_DATA SECTION_
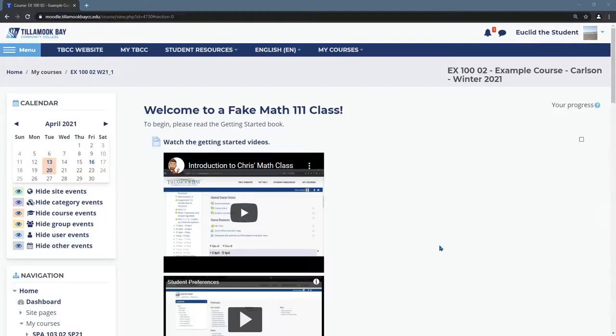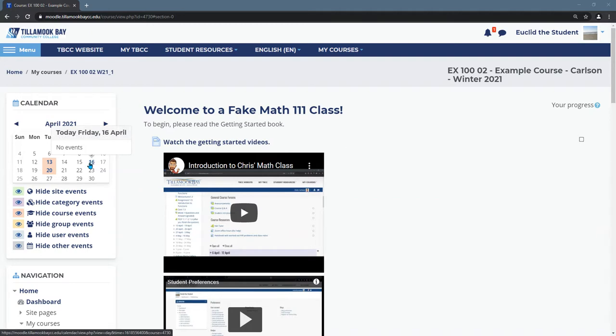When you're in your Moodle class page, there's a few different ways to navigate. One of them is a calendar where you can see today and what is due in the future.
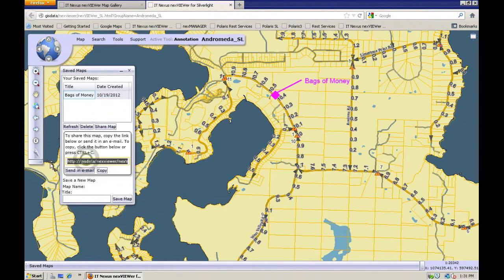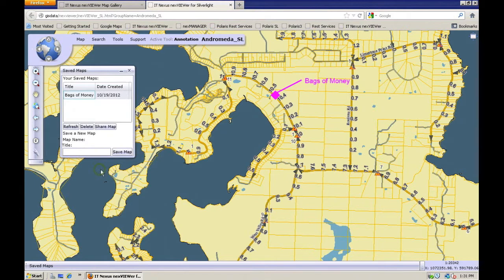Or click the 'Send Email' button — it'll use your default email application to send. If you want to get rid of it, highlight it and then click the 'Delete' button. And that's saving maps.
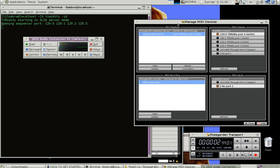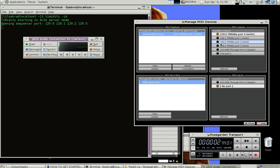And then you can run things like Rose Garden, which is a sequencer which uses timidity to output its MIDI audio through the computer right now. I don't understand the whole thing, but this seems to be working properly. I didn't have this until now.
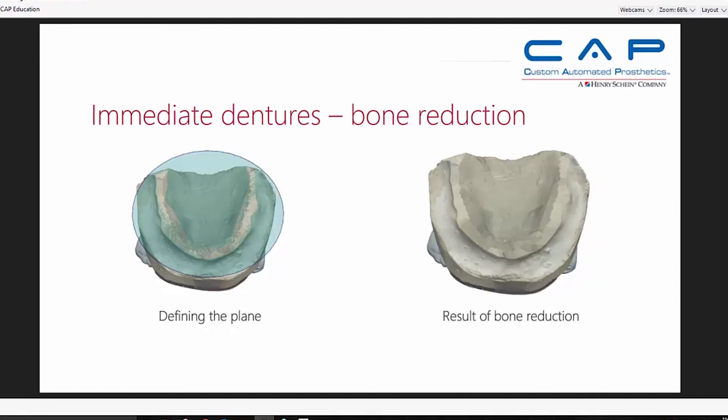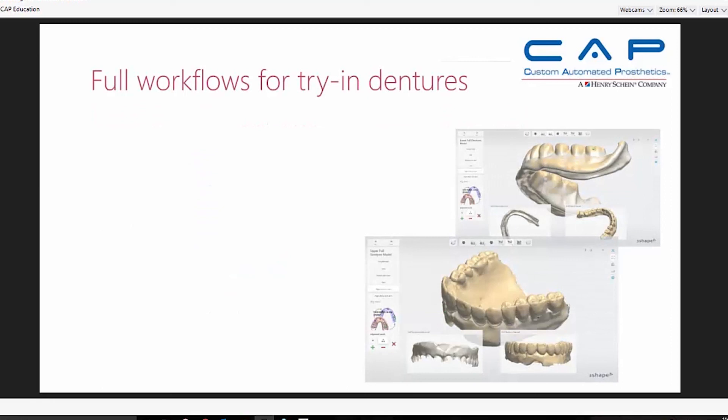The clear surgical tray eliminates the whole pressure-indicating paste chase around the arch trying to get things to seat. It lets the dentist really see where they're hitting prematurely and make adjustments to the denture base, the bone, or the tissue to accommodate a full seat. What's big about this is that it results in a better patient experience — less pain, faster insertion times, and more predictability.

==

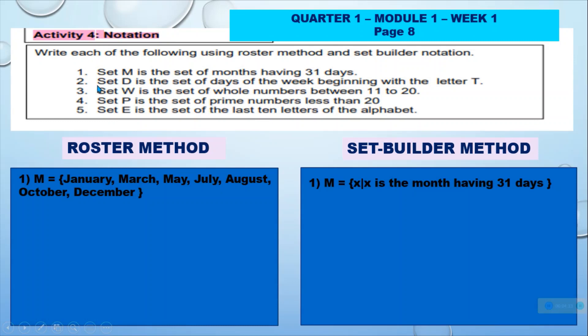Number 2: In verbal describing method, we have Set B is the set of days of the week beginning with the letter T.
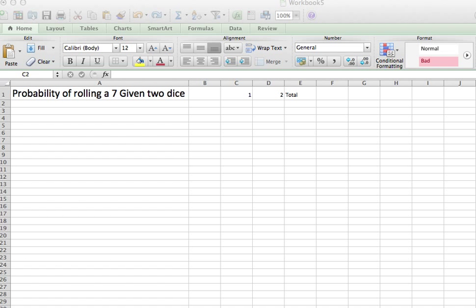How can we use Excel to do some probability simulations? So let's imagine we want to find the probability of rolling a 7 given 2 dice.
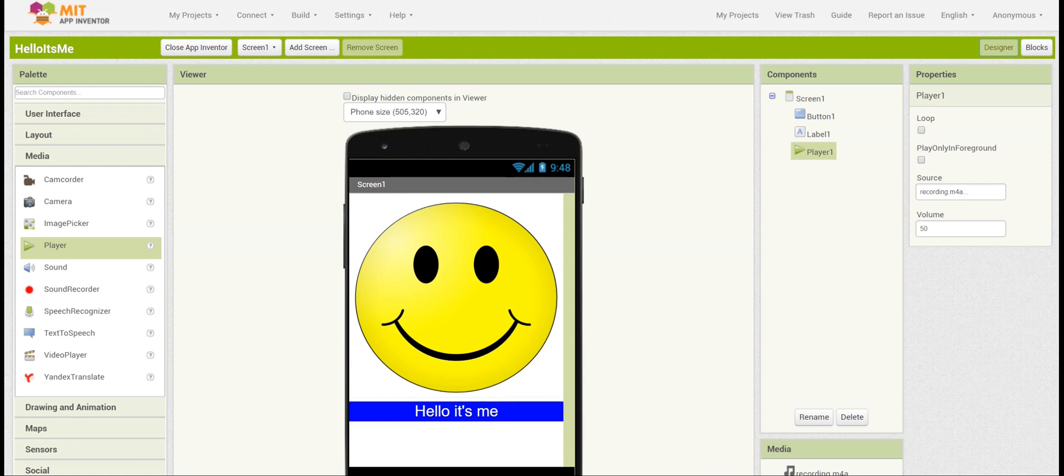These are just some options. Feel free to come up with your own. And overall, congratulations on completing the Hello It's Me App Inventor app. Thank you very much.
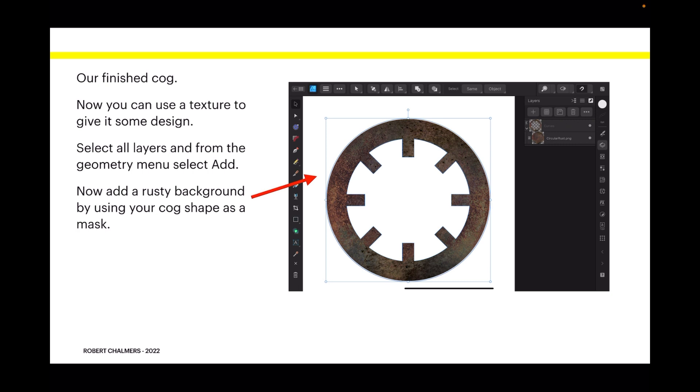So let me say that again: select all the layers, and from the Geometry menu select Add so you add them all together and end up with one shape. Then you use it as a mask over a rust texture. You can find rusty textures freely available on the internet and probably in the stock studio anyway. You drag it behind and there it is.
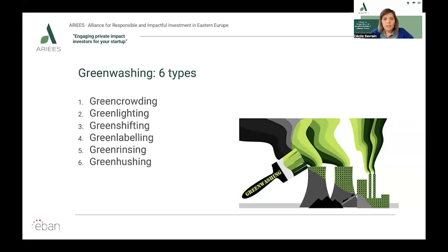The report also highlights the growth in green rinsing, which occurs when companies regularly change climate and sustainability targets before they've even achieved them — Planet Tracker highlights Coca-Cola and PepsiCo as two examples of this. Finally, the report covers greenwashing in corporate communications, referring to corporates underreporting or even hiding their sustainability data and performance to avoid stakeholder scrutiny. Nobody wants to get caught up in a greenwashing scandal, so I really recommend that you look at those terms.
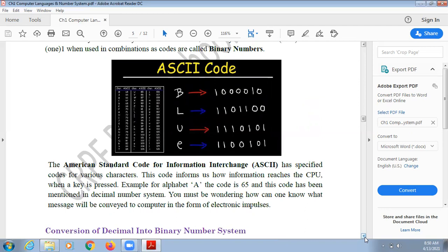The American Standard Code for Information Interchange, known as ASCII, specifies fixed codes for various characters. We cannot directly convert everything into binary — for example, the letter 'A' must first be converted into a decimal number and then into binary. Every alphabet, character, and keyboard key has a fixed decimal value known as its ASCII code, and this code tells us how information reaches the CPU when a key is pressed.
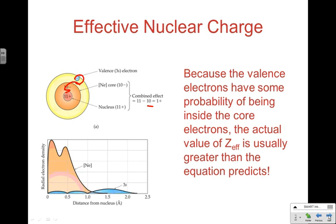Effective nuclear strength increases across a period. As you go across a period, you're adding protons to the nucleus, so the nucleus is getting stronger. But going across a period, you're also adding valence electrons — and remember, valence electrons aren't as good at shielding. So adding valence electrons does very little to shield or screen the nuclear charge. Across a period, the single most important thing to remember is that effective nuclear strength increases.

* * *

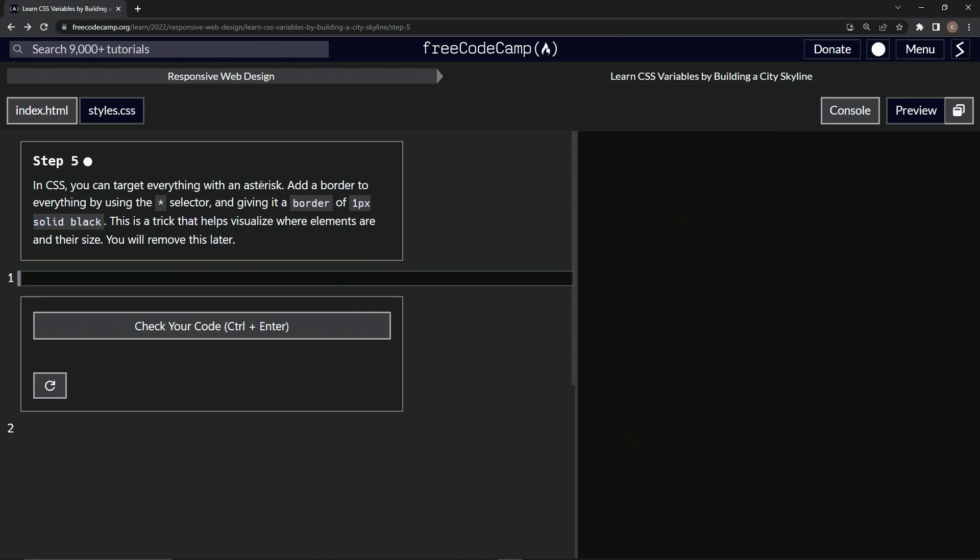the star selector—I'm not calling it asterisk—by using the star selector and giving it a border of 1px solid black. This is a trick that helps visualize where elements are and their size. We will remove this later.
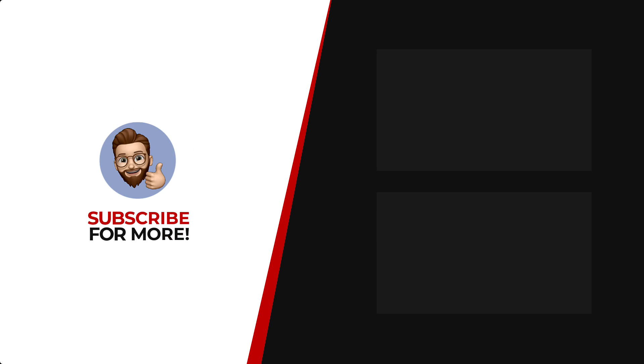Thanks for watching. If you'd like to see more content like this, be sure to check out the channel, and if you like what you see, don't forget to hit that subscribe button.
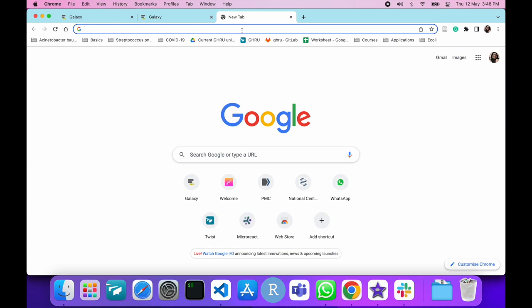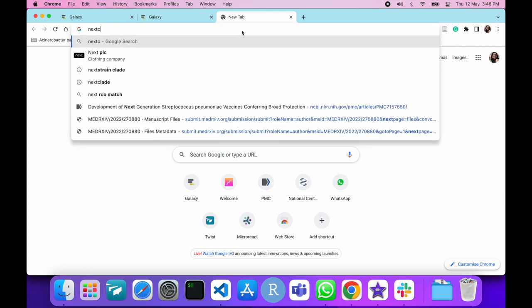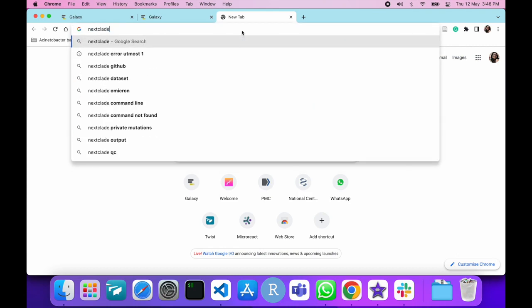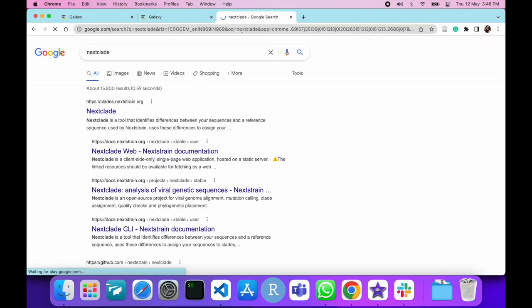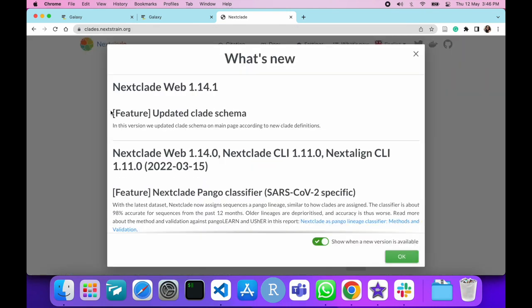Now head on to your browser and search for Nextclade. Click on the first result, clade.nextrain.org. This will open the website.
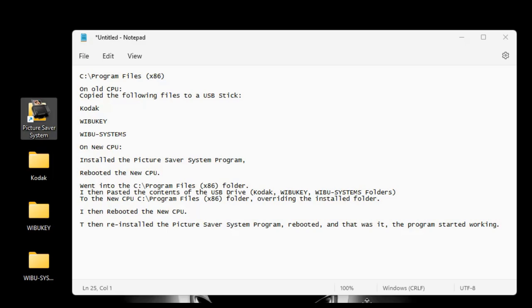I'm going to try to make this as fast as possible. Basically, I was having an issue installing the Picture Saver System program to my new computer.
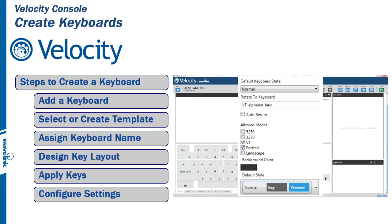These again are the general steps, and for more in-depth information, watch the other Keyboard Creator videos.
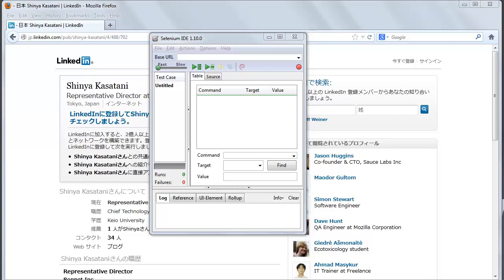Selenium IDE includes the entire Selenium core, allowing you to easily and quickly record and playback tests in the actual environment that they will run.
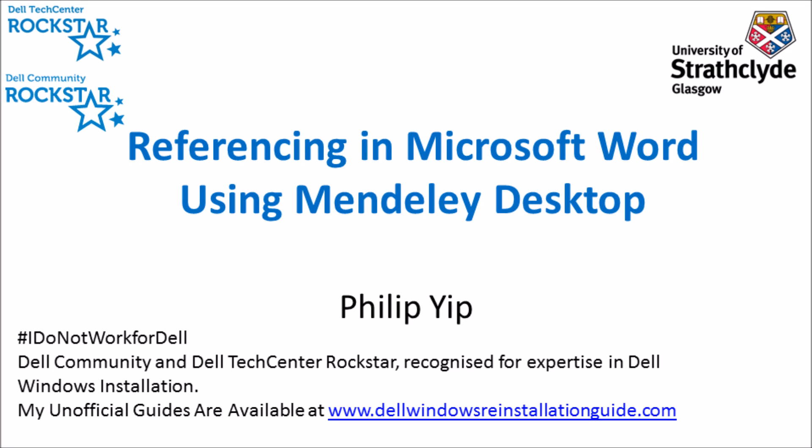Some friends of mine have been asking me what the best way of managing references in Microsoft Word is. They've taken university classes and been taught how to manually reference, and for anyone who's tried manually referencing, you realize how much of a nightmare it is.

_WHAT IS BEING ASKED_
In the data above, find the line containing "These again are" and the line containing "Some friends of". Copy exactly the stretch from the first through the second, both included, leaving out any picture.

_ANSWER SECTION_
These again are the general steps, and for more in-depth information, watch the other Keyboard Creator videos.
Selenium IDE includes the entire Selenium core, allowing you to easily and quickly record and playback tests in the actual environment that they will run.
Some friends of mine have been asking me what the best way of managing references in Microsoft Word is. They've taken university classes and been taught how to manually reference, and for anyone who's tried manually referencing, you realize how much of a nightmare it is.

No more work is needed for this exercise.